Collation et calcul dans l'héritage : des concepts à ne pas confondre

Par Pigeon Abad Tejerina, président de l'Association des avocats spécialisés en droit de la famille, de l'enfance et des successions de Madrid (www.somosamafi.es)

En matière de succession, peu de questions ont généré autant de confusion pratique que la différence entre collation y informatique des dons.

Il s’agit de deux transactions distinctes qui affectent tous les héritiers – et pas seulement les enfants ou les héritiers directs – et qui doivent être clairement différenciées pour éviter les erreurs dans les processus de partage successoral.

La informatique (art. 818 CC) consiste en Ajouter à la succession tous les biens donnés du vivant du défunt, tant aux héritiers réservataires qu'à des tiers, pour calculer la part réservataire. Il s'agit d'une opération obligatoire et impérative, indépendante de la volonté du testateur. Son but est de garantir que tous les héritiers réservataires reçoivent la part minimale qui leur est réservée par la loi.

Au contraire, le collation (arts. 1035 et ss. CC) est une opération partage entre héritiers réservatairesElle repose sur l'idée que ce qu'un héritier reçoit de son vivant constitue une avance sur ce à quoi il a droit dans l'héritage. Cependant, le testateur peut se passer de collation (art. 1036 CC), afin que le donataire n'ait pas à « mettre en compte » ce qu'il a déjà reçu au moment du partage.

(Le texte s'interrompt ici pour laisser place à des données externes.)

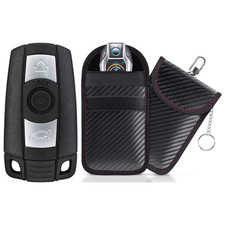 Replacement Smart Key Fob 2006-2011 BMW 5 Series FCC: KR55WK4  Protective Pouch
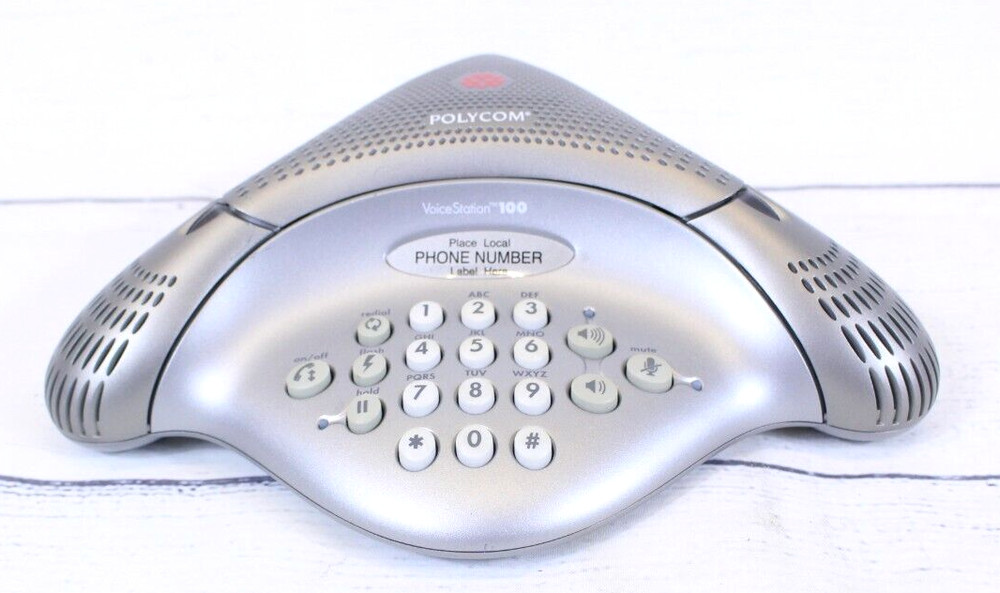 Polycom VoiceStation 100 Conference Phone with Power and Cords
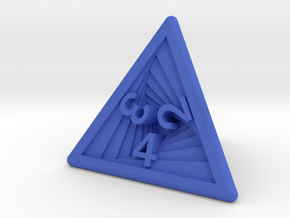 Recursion D4 (bottom edge) in Blue Smooth Versatile Plastic: Small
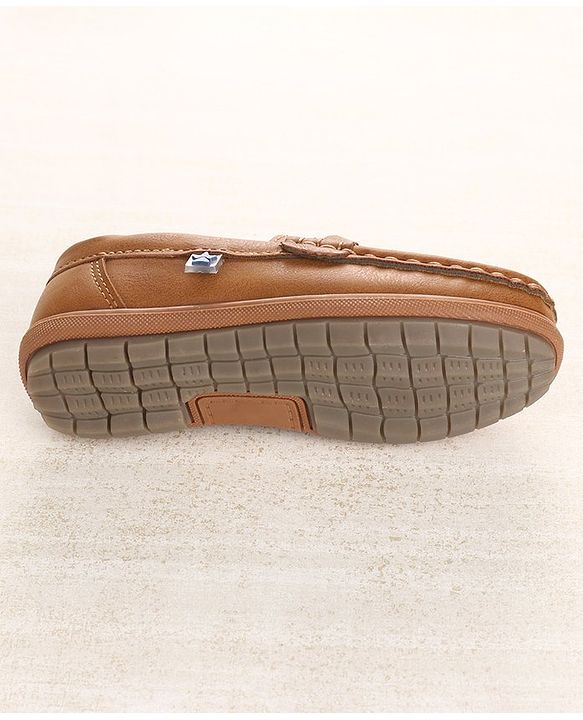 Cute Walk by Babyhug Party Wear Slip On Shoes - Navy Blue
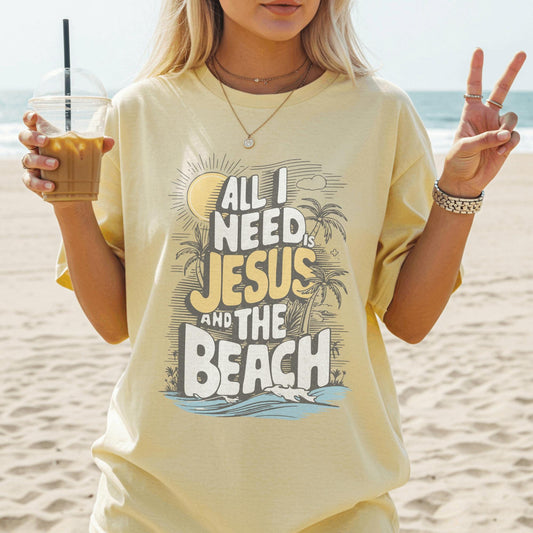 Jesus & The Beach Tee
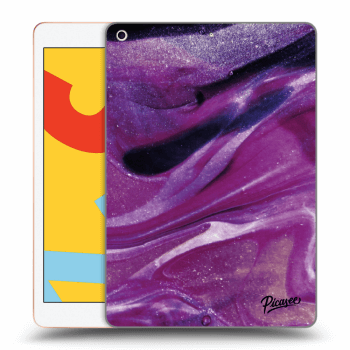 Θήκη για Apple iPad 10.2" 2019 (7. gen) - Purple glitter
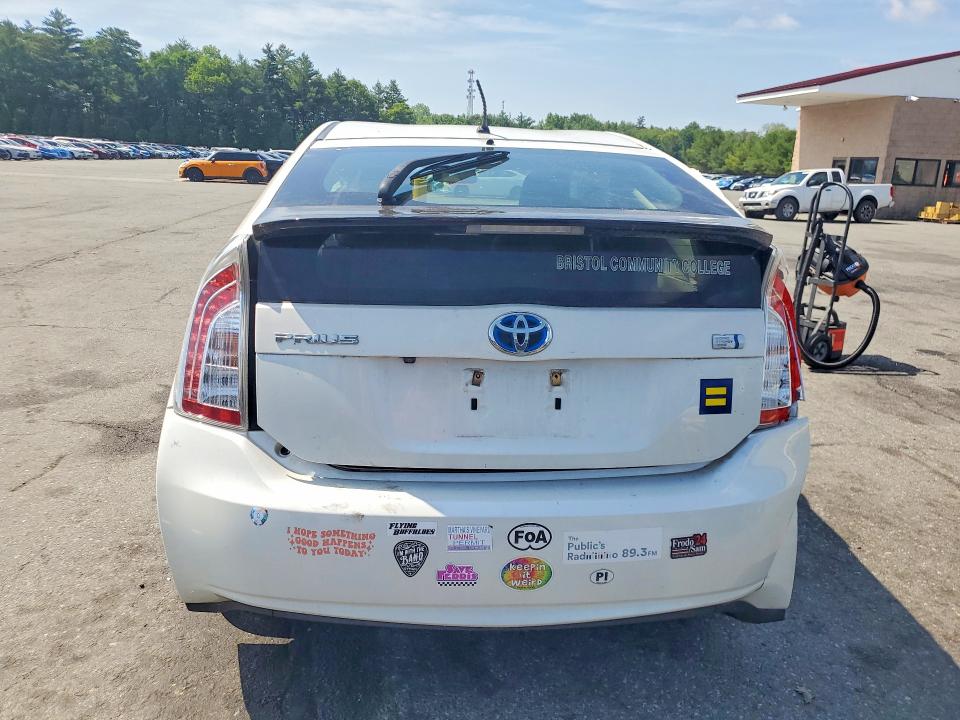 2015 Toyota Prius VIN JTDKN3DU0F0426286 COPART salvage auction — FRONT END, Wv - Salvage Certificate, sold $500 on 2026-07-09 (photo 6)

Qu'est-ce que cela dit à ce sujet ? Tribunal Supremo

Cette différenciation a récemment été clarifiée par le Tribunal Supremo dans son arrêt 457/2025, du 24 mars (ECLI:ES:TS:2025:1226), qui a résolu un appel découlant d'un partage judiciaire de succession dans lequel la question était de savoir si les dons effectués avec dispense de collation devaient ou non être inclus dans l'inventaire.

C'était clair :

  • La la collation peut être supprimée, puisqu'il s'agit d'une opération d'ajustement entre héritiers réservataires.
  • La l'informatique ne peut jamais être évitée, car elle est essentielle au calcul de la part légitime. Même les dons exemptés de collecte doivent être inclus.

Jurisprudence consolidée

La décision s’inscrit dans le droit fil de précédents tels que STS 468/2019, du 17 septembre, la STS 578/2019, du 5 novembre, Ou la STS 184/2022, du 3 mars, consolidant une ligne claire : le terme « dons collatable » dans l'art. 818 CC est utilisé de manière impropre et doit être compris comme dons calculables à des fins légitimes.

Implications pour la pratique successorale

Cette doctrine affecte directement le travail des avocats, des notaires et des juges :

  • Renforce la protection de la légitime (art. 806 et 807 CC).
  • Assure la sécurité dans la rédaction des testaments et dans les litiges successoraux.
  • Empêche que la dispense de collation soit utilisée pour réduire secrètement la part minimale réservée aux héritiers réservataires.

Finalement:

La STS 457/2025, du 24 mars, marque un avant et un après en soulignant que :

  • Calcul = toujours obligatoire, pour calculer les parts légitimes.
  • Collation = opération de partitionnement superflue.

Il y a certains éléments de connaissance qui sont incontournables : la distinction entre collation et calcul en est un, car tout avocat, tôt ou tard, se retrouvera à l'appliquer dans sa pratique professionnelle.

Et c’est une précision nécessaire qui apporte une sécurité juridique et que tous les professionnels du droit devraient garder à l’esprit lorsqu’ils pratiquent le droit successoral.